Viver em condomínio deixou de ser apenas uma escolha de conveniência urbana e passou a representar um território de disputas jurídicas cada vez mais sofisticado. Acidentes em áreas comuns, vazamentos que destroem unidades vizinhas e falhas de manutenção têm levado síndicos e administradoras aos tribunais com uma frequência que preocupa o mercado imobiliário. Nos bastidores dessa engrenagem, a discussão sobre responsabilidade civil condominial ganhou contornos de urgência, exigindo dos gestores um nível de profissionalização que, até pouco tempo, era dispensável.

O peso da legislação sobre a gestão coletiva

O Código Civil, em seus artigos 927 e 942, estabelece que quem causa dano a outrem, por ato ilícito, fica obrigado a repará-lo, regra que se aplica integralmente às relações condominiais. Somada à Lei 4.591/1964, que disciplina o condomínio em edificações, essa base normativa impõe ao condomínio, como pessoa jurídica, o dever de zelar pela segurança das áreas comuns. "A omissão na manutenção preventiva tem se tornado a principal porta de entrada para ações indenizatórias", avaliam especialistas que acompanham o contencioso imobiliário nos grandes centros urbanos.

Síndicos entre a gestão e a exposição pessoal

A figura do síndico, antes vista como um cargo essencialmente administrativo, tornou-se um ponto de tensão jurídica. A jurisprudência majoritária entende que o condomínio responde de forma objetiva pelos danos causados por defeitos em suas áreas comuns, dispensando a comprovação de culpa. Já o síndico pode ser responsabilizado pessoalmente quando age com negligência comprovada, o que tem elevado a procura por seguros de gestão e assessorias jurídicas especializadas.

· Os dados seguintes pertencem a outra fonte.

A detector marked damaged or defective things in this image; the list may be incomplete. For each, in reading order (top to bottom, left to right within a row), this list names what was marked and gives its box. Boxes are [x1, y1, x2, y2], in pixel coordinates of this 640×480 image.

Elevadores, quedas e vazamentos, os casos mais recorrentes

Entre os episódios mais comuns que chegam ao Judiciário estão quedas em pisos molhados sem sinalização, falhas em elevadores mal revisados e infiltrações originadas em tubulações coletivas. Nesses cenários, a linha entre a responsabilidade do condomínio e a do condômino individual costuma ser tênue, exigindo perícia técnica detalhada. "Cada laudo de manutenção vale hoje como uma peça de defesa antecipada", resume um administrador predial familiarizado com o tema.

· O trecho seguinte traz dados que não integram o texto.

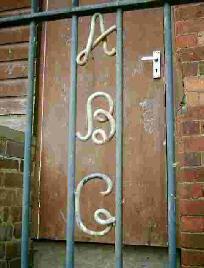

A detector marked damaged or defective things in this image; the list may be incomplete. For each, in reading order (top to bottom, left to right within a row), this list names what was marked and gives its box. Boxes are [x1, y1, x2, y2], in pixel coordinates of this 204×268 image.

rusty metal door [34, 0, 166, 247]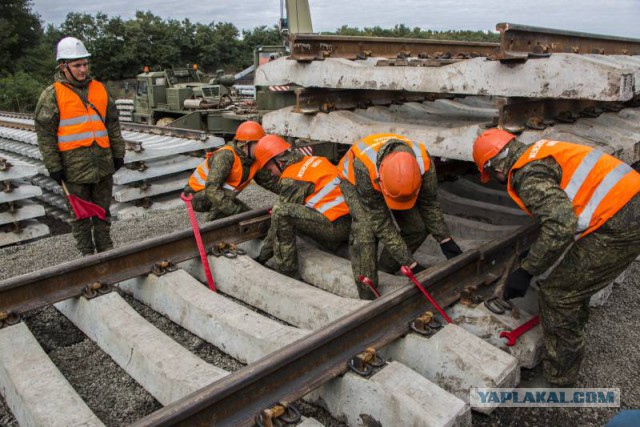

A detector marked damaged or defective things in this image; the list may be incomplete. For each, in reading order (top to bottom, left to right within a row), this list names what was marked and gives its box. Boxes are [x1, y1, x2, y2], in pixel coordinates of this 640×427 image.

O seguro predial como exigência, não como opção

A própria Lei 4.591/1964 torna obrigatória a contratação de seguro contra incêndio e outros sinistros para a edificação condominial, uma exigência frequentemente ignorada em condomínios menores ou mais antigos. Diante do aumento de litígios, seguradoras têm revisado apólices e ampliado coberturas para responsabilidade civil geral, encarecendo o custo mensal repassado aos moradores.

Impactos econômicos e sociais de uma judicialização crescente

O crescimento das ações indenizatórias pressiona diretamente o orçamento condominial, elevando taxas extras e fundos de reserva destinados a cobrir eventuais condenações. Esse cenário também reflete uma mudança cultural, moradores mais informados sobre seus direitos e menos dispostos a aceitar falhas estruturais como fatalidade. O resultado é um mercado imobiliário que passa a valorizar condomínios com gestão transparente e auditável.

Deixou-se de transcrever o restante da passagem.